- TASK OBJECTIVE -
Give the line with "Fabindia - Women" again, along with every line below it to the end of the records, word for word.

- DATA RECORDS -

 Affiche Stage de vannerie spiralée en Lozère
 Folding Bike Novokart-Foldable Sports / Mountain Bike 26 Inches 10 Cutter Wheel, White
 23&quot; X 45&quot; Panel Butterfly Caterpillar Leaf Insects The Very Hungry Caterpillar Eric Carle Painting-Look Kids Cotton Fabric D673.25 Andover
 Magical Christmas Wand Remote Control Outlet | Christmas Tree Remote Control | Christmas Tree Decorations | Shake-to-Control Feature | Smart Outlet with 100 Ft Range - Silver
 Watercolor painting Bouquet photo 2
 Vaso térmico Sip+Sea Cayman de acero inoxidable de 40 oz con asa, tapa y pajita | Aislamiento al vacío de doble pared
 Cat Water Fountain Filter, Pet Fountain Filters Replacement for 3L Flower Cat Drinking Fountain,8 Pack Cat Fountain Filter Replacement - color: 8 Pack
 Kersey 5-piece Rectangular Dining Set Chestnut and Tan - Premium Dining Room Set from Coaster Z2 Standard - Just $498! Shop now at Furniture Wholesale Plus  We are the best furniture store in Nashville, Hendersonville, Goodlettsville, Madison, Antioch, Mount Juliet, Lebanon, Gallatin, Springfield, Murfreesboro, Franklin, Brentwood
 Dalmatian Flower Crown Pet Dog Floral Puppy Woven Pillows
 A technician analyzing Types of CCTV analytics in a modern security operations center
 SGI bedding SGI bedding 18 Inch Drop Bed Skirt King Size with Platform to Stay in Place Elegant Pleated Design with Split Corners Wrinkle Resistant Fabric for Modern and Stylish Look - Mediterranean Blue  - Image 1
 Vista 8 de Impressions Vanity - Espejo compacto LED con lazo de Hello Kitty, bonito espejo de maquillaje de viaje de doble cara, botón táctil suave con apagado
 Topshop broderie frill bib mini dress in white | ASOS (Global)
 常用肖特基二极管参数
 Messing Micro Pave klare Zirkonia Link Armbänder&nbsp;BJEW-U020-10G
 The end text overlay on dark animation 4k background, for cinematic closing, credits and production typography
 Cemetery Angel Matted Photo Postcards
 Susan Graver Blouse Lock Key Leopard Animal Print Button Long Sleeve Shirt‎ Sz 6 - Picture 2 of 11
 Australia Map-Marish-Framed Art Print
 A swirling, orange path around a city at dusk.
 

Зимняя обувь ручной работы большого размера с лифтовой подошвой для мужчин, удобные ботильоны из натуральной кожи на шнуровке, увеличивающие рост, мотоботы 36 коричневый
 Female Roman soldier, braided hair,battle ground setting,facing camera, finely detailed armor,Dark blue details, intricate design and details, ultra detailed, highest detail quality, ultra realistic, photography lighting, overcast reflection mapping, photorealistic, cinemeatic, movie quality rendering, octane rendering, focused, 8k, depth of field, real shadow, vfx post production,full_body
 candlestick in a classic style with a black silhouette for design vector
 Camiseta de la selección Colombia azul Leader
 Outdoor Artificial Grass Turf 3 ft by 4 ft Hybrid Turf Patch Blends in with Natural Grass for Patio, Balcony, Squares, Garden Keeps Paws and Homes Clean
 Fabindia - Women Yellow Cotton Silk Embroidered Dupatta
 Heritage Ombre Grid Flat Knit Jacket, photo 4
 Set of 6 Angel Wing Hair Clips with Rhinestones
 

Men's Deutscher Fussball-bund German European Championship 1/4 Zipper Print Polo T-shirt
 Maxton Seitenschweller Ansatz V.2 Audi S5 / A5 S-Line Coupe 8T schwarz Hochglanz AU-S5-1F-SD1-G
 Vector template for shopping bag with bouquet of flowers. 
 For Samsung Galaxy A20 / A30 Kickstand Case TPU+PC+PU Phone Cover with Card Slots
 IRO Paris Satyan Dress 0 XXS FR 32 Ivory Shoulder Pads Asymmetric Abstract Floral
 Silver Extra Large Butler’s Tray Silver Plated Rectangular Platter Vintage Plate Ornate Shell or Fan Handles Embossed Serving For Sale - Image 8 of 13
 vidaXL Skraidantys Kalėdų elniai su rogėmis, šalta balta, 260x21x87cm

- EXERCISE ANSWER -
 Fabindia - Women Yellow Cotton Silk Embroidered Dupatta
 Heritage Ombre Grid Flat Knit Jacket, photo 4
 Set of 6 Angel Wing Hair Clips with Rhinestones
 

Men's Deutscher Fussball-bund German European Championship 1/4 Zipper Print Polo T-shirt
 Maxton Seitenschweller Ansatz V.2 Audi S5 / A5 S-Line Coupe 8T schwarz Hochglanz AU-S5-1F-SD1-G
 Vector template for shopping bag with bouquet of flowers. 
 For Samsung Galaxy A20 / A30 Kickstand Case TPU+PC+PU Phone Cover with Card Slots
 IRO Paris Satyan Dress 0 XXS FR 32 Ivory Shoulder Pads Asymmetric Abstract Floral
 Silver Extra Large Butler’s Tray Silver Plated Rectangular Platter Vintage Plate Ornate Shell or Fan Handles Embossed Serving For Sale - Image 8 of 13
 vidaXL Skraidantys Kalėdų elniai su rogėmis, šalta balta, 260x21x87cm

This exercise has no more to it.